Caption-style text data
<<<<
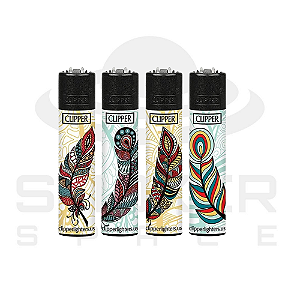 Isqueiro - Clipper - Feathers (Penas)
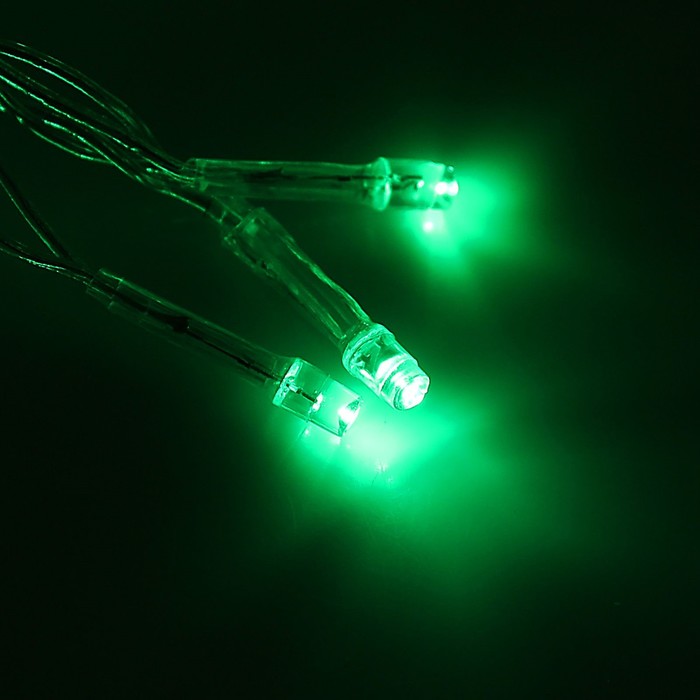 Гирлянда "Занавес" УМС вилка Ш:2 м, В:3 м, Н.С. LED-720-220V, контр. 8 р, ЗЕЛЕНЫЙ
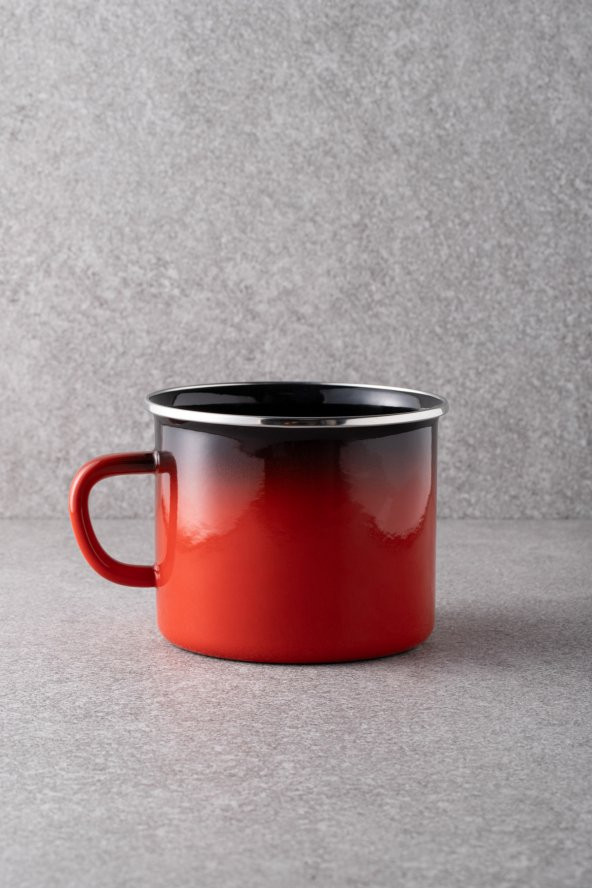 Elo Emaye Kapaksız Sütlük 14 cm - Kırmızı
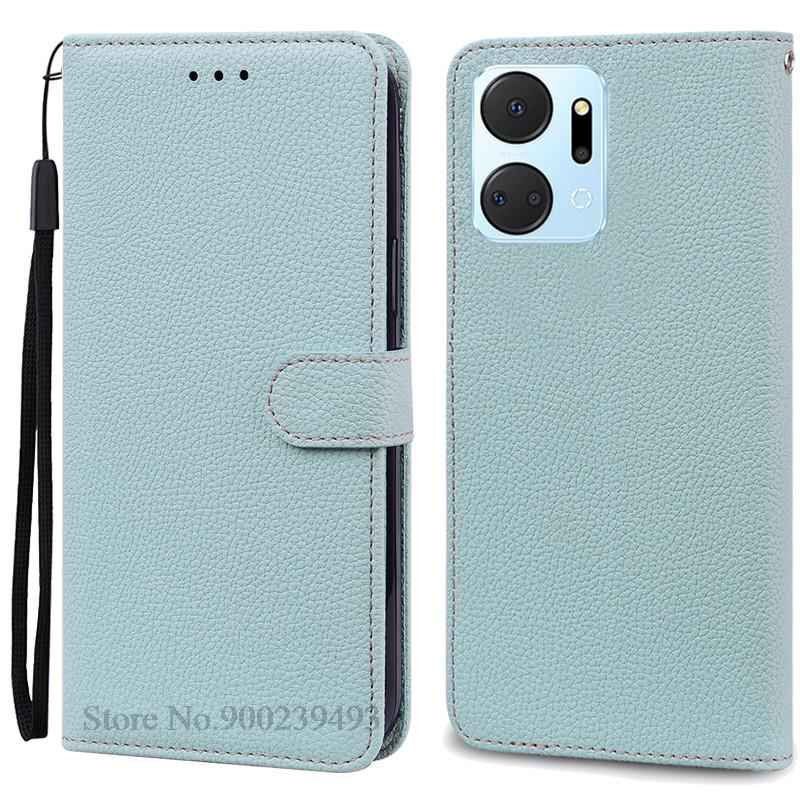 

Чехол для Honor X7A Чехол для Huawei Honor X7A Силиконовый кожаный чехол-кошелек Чехол для телефона Honor X7A Coque Fundas Shell For Honor X7A светло-синий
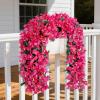 imageLifewit Artificial Bougainvillea Flowers 2 PCS Plastic Long Trailing Vines Fake Flowers for Outdoor Indoor Garden Porch Patio Balcony Decor UV Resistant Hot PinkHot Pink
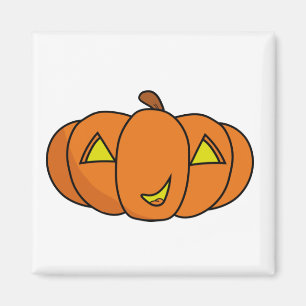 Niedliches Lächeln Halloween Pumpkin Magnet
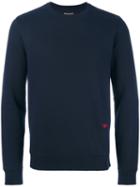Emporio Armani - Embroidered Logo Sweatshirt - Men - Cotton/polyester - S, Blue, Cotton/polyester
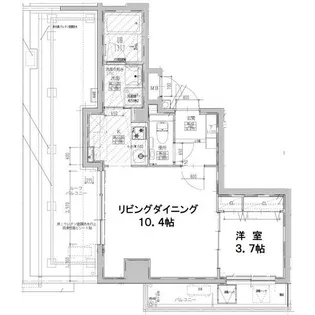 福岡県福岡市中央区平尾3丁目【マンション】の間取り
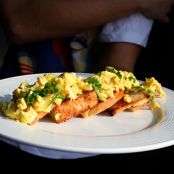 SCRAMBLED*****Scrambled Eggs Magda on Fried Bread - 10 Points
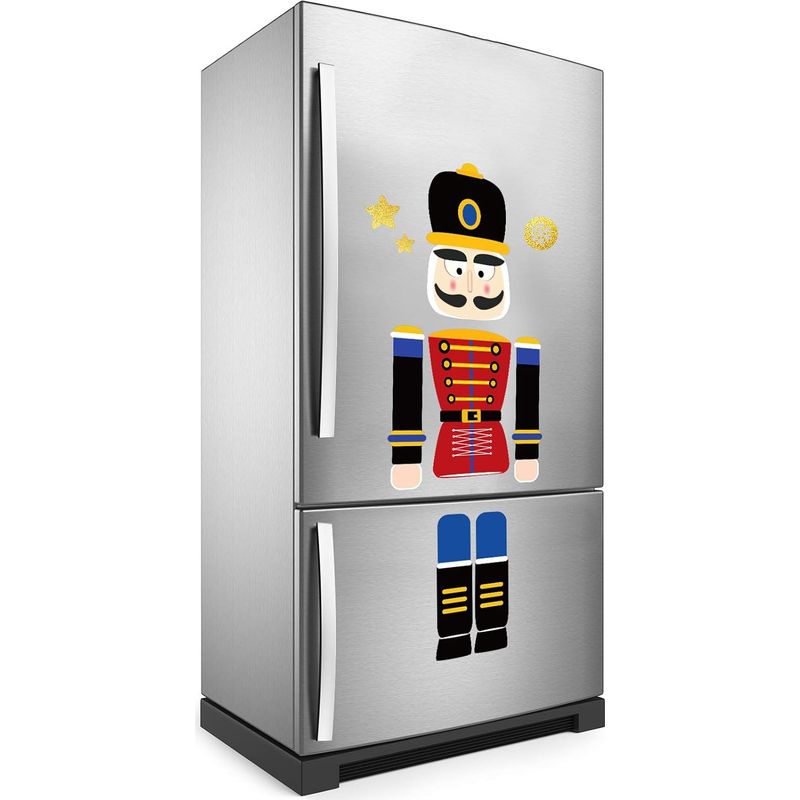 Weihnachtsmagnete Für Den Kühlschrank, Nussknacker-motiv – Niedliche Und Lustige Aufkleber – Nussknacker-motiv – 10er-pack – Dekoration Für Garagentor Und Büro – Rot Und Blau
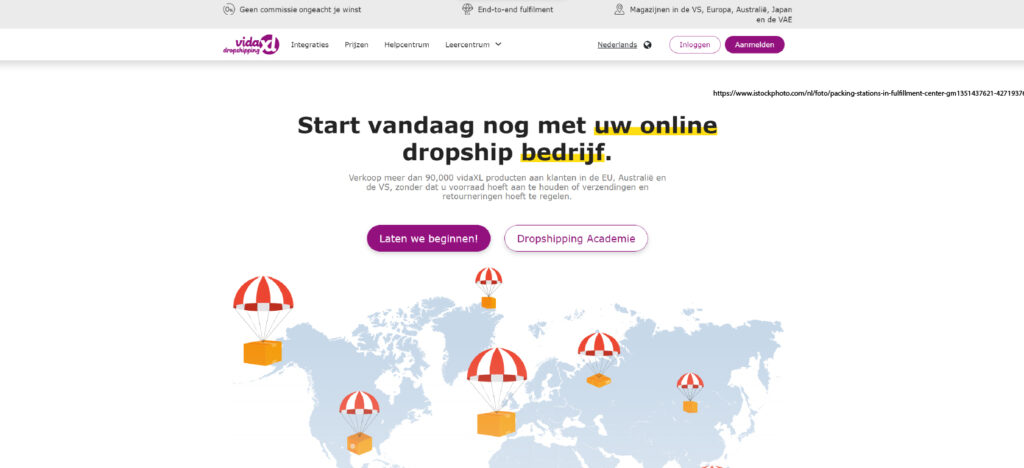 VidaXL heeft een eigen programma voor dropshipping.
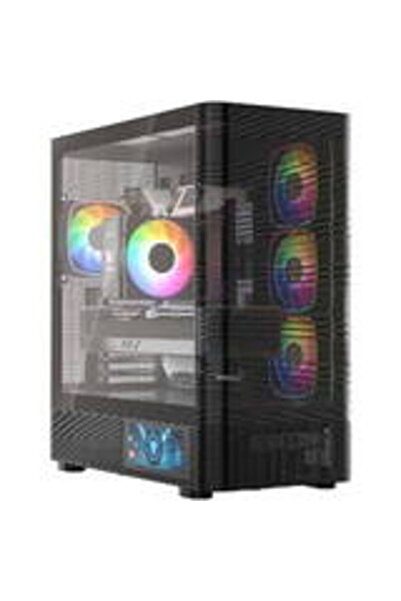 Modecom Carcasa PC Volcano Volcano AQ400 ARGB Midi Negru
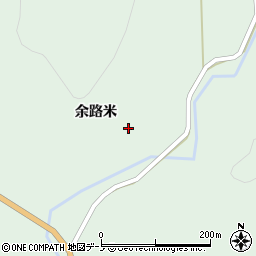 秋田県鹿角郡小坂町小坂余路米8周辺の地図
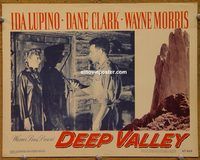 d188 DEEP VALLEY vintage movie lobby card #2 '47 Ida Lupino, Dane Clark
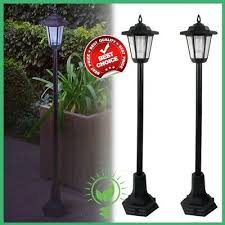 modern 2x garden lamp post lantern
>>>>
- Assignment -
Retype each line of the data exactly, beginning with the first; include the line containing "Чехол для Honor" and stop there, skipping every picture.

- Completed exercise -
 Isqueiro - Clipper - Feathers (Penas)
 Гирлянда "Занавес" УМС вилка Ш:2 м, В:3 м, Н.С. LED-720-220V, контр. 8 р, ЗЕЛЕНЫЙ
 Elo Emaye Kapaksız Sütlük 14 cm - Kırmızı

Чехол для Honor X7A Чехол для Huawei Honor X7A Силиконовый кожаный чехол-кошелек Чехол для телефона Honor X7A Coque Fundas Shell For Honor X7A светло-синий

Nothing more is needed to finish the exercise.